My problem is I cannot move forward and just enjoy the moment as there is a big dark cloud that I cannot see through. To my mind the period in 2011-13 has not been dealt with, I bring it up he says nothing happened that we need to focus on the future. However, I cannot stop myself of ruminating over this though I do not have concrete proof. I know if I did have proof that would be it.

I am a thinker and I am working myself into a tizzy and some days I dream of moving out, getting my own place and just walking out. I know if he really changes (and I think he is changing) I will make a huge mistake but I am having a huge issue with trust. The bottom line is I do not trust him. I do not know how to rebuild trust or whether I really want to tbh. 
The diaries I kept before flagged up all my issues with him, the counsellor suggested I get rid of them as I was 'feasting' on them a little too much. i did get rid of them but that hasn't helped. 

I know I have to go over this with my counsellor, but how do you just trust when your trust has been broken, promises made and broken and now I am expected to believe that this wont happen again? I just do not want to be made a fool of.


----------



## JohnA (Jun 24, 2015)

Hi

Perhaps you should suggest to him the past is the future, unless you change it. Knowing this how can you move forward knowing that it will happen again? As painful as it may be for both of you - it needs addressing, 

He is a guy, he knows you process emotions differntly, so perhaps he reluctant to engage out of concern doing more harm. MC might be seen as not giving him the tools to engage but rather justification for you to leave. 

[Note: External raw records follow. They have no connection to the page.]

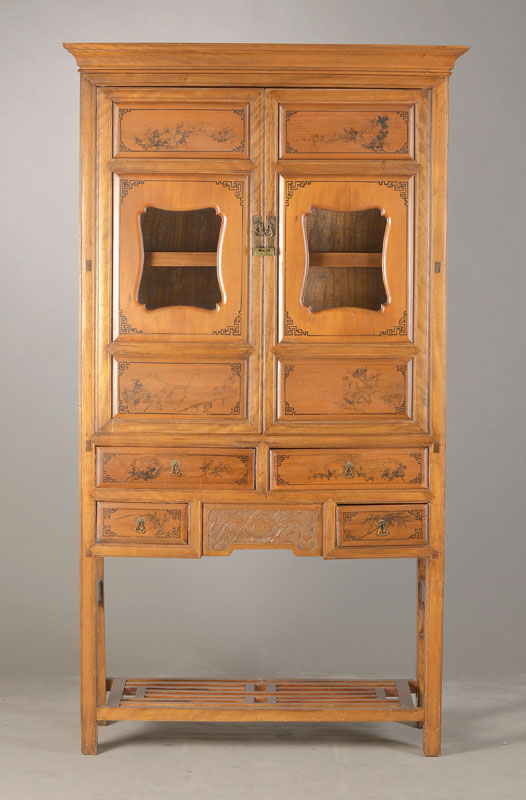 Vielzweckschrank, China, um 1900, vierschübig, Vitrinenteil Sekundär, verglast, Nussbaum, 2-türig u. 4-schübig, Stollenkonstruktion mit Unterbau, ...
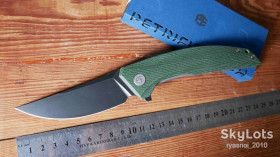 Ножі, мультітули Ножи, мультитулы ^/--/^ Petrified fish PFP /--/ 05 /--/ GRMDW Deepsea, Blackewash K /--/ 110, Green Micarta, Ceramic Ball Bearing, Outdoor, Tactical, EDC, Liner Lock - фото фото фото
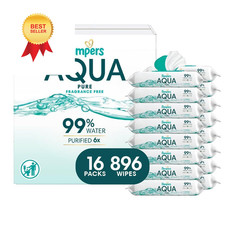 Pampers Aqua Pure Baby Wipes, 99 Water, Fragrance 56 Count Pack of 16 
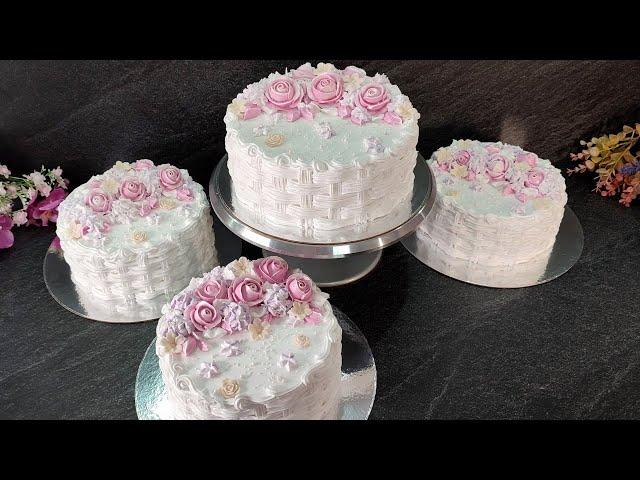 How to QUICKLY and INEXPENSIVELY decorate 4 CAKES with the simplest pastry nozzles! ITALIAN MERINGUE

I've seen your other posts. You know the chose limbo can cause. End it one way or another, but in the process make clear you rally want to be all in.

Take care Anie


----------



## Lostinthought61 (Nov 5, 2013)

Anie,

it sounds like your playing house but your not playing marriage, what i mean to say is that your stuck, you can't move forward, because your stuck in the past, you can't be open with your feelings with him in the presence because you don't trust him for the past. So you basically short changing yourself of a life, whether it be with him or with out him. you either need to move forward (even small steps (like how you are feelings and opening even a little bit)) or you need to move on...i get it both paths are scary and you don't know which path will lead to greater happiness for you, but i can tell you this... that just staying still and just playing house will not get you to either destination.

F


----------



## Orange_Pekoe (Jan 5, 2015)

I feel for you.
I have been in the same boat for the last 4 months, wondering how I can rebuild a marriage to a man I do not trust. And who, I found out, also doesn't really trust me. Our trust issues are not due to infidelity but they are just as damaging.

We're separated again, but strangely enough, it wasn't the trust issue that did it. 

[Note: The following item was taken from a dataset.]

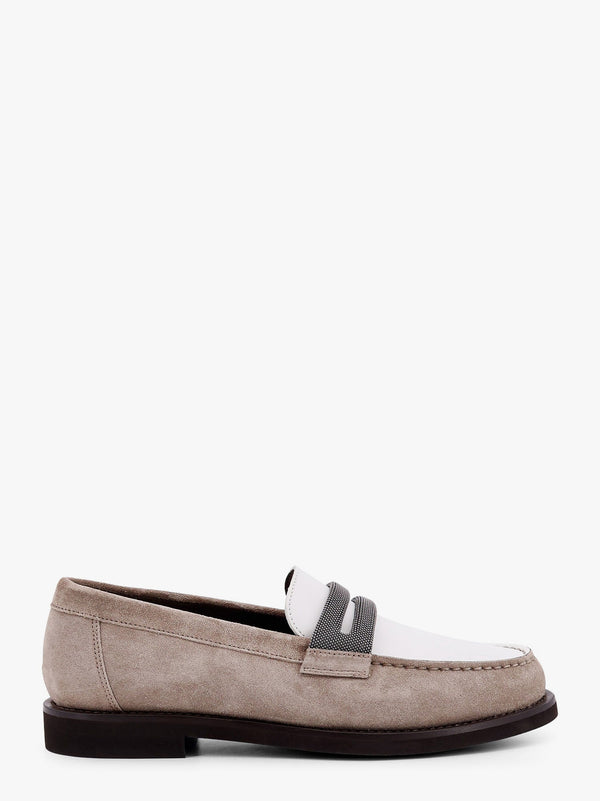 Suede and leather loafer with monili detail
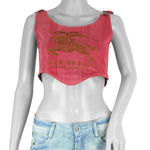 Reworked (Burberry) - Red Lace-Back Crop Top Womens Adjustable Vintage Retro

Try not to dwell, ruminate or "think" so much. Try to let the stress go. A coworker gave me great advice...she said when our relationships are in trouble, we tend to hold on with a tighter clasp and this ends up making both spouses feel suffocated. When we really should be loosening our grip and giving each other a lot of room to breath and just "be". Can you do that?


----------



## cam1974 (Oct 24, 2015)

I too am in the same boat. It's been 2 1/2 months since I found out about him and my best friend. I have a lot of frustrations built up because I feel I don't have any closure on this. I feel like everything got swept under the rug and not dealt with. Every time I would try to bring it up to talk about, he would get angry and tell me there was nothing to talk about because it was over. I tried telling him this does not help because I feel there was something that caused him to stray. I want to trust him again, but not having closure is making it difficult


----------



## cam1974 (Oct 24, 2015)

I do agree with Orange Pekoe though about giving each other "room to breathe" . I think this might be part of my problem too. I need to take a step back because I have been very clingy since we are going through R.


----------



## Orange_Pekoe (Jan 5, 2015)

cam1974 said:


> I do agree with Orange Pekoe though about giving each other "room to breathe" . I think this might be part of my problem too. I need to take a step back because I have been very clingy since we are going through R.

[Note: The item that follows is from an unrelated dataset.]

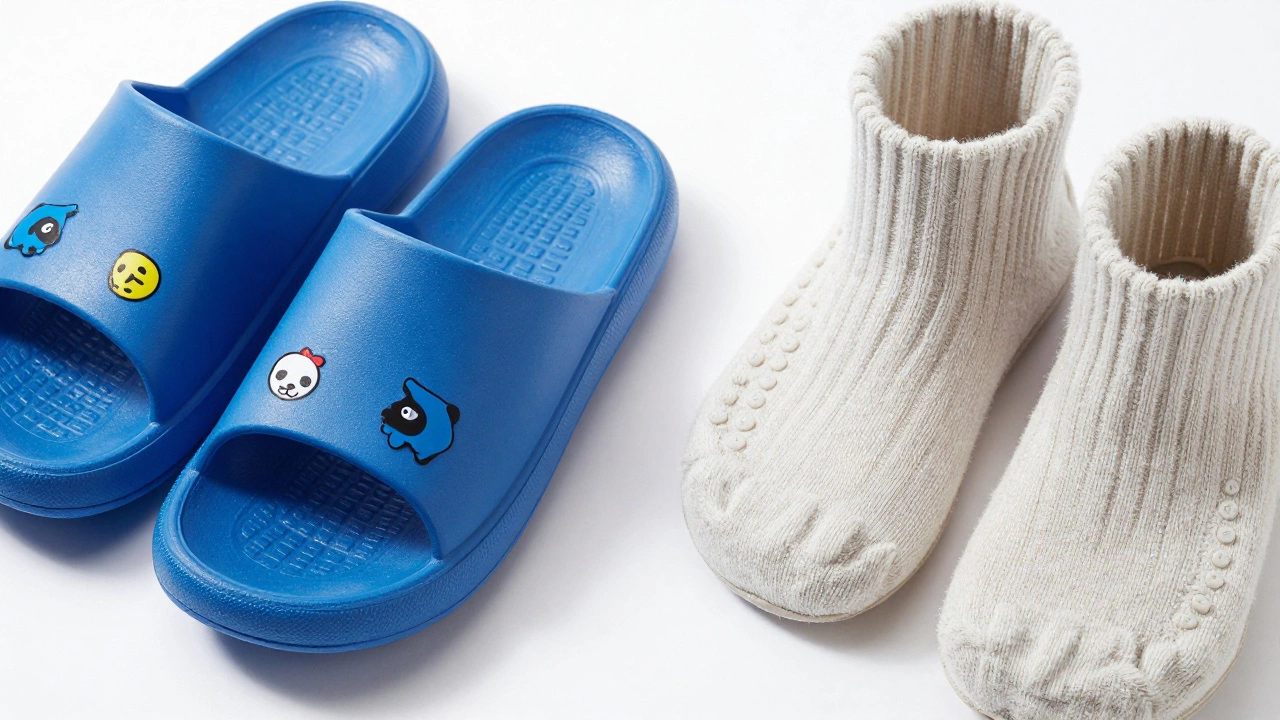 Rubber bath slippers and non-slip indoor socks displayed on a white background.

I edited my post because I wanted to make it clear that trust issues in my relationship are not due to infidelity. An affair was not the reason for broken trust.

The reason I wanted to make it clear is - I honestly don't think I'd be able to ever move past an affair. To me, it's a deal breaker. I would not be willing to give my husband "room to breathe", I'd want him to simply leave. But that's me. We each have our unique circumstances, feelings and different ability to deal with situations.

That's why I asked aine if she would be able to give her husband room to breathe. It makes it so much more difficult for her because she does not have solid proof of an affair, but rather a nagging intense suspicion of it. Which is so hard to deal with!


----------



## cdbaker (Nov 5, 2010)

Not knowing your background, he probably is just hoping that you can move past it the way we men often do, by compartmentalizing it away. I don't mean that in a negative way, like he is trying to make you forget or anything, but that is probably just how he handles those things, and maybe forgets that you will process such things differently.

Ultimately if you feel the past is unresolved, then that is going to hold you back for a long while. He's right that ultimately you should focus on the future, but you have to first process and eventually be able to "move past the past" first. Again, not knowing your past history, assuming it's something pretty negative relating to his actions/decisions/choices/etc., then it makes sense that he might want to try to not dig that back up. Some people have a tendency to rehash the past with frequency, almost like a weapon whenever their upset or arguing or whatever, and I'll assume that this isn't what you're doing. For others, they worry that by processing the past, they might undo a whole lot of progress that they have had recently. I could easily see that being the case with you and your husband, as you mention how much better you both get along these days. I could understand him being worried that this progress might be lost if you travel down that road again. I'd say this is what marriage counseling would be good for, digging up and processing the past, then eventually burying it again so that you can both move forward.

Eventually, you both have to reach a point of forgiveness for one another over any past issues. Forgiveness means releasing them from the emotional debt, agreeing to not bring it up again or use it against them. It's literally like telling someone who borrowed $1,000 from you that they can forget about the debt, they owe you nothing. Until that point, the debt will do nothing but spoil any potential relationship rebuilding.


----------



## aine (Feb 15, 2014)

Thanks for the replies, Xenote your note on playing happy families resonates with me, my H even said that to me once. I am in the marriage, with a back door escape route, it that makes sense. 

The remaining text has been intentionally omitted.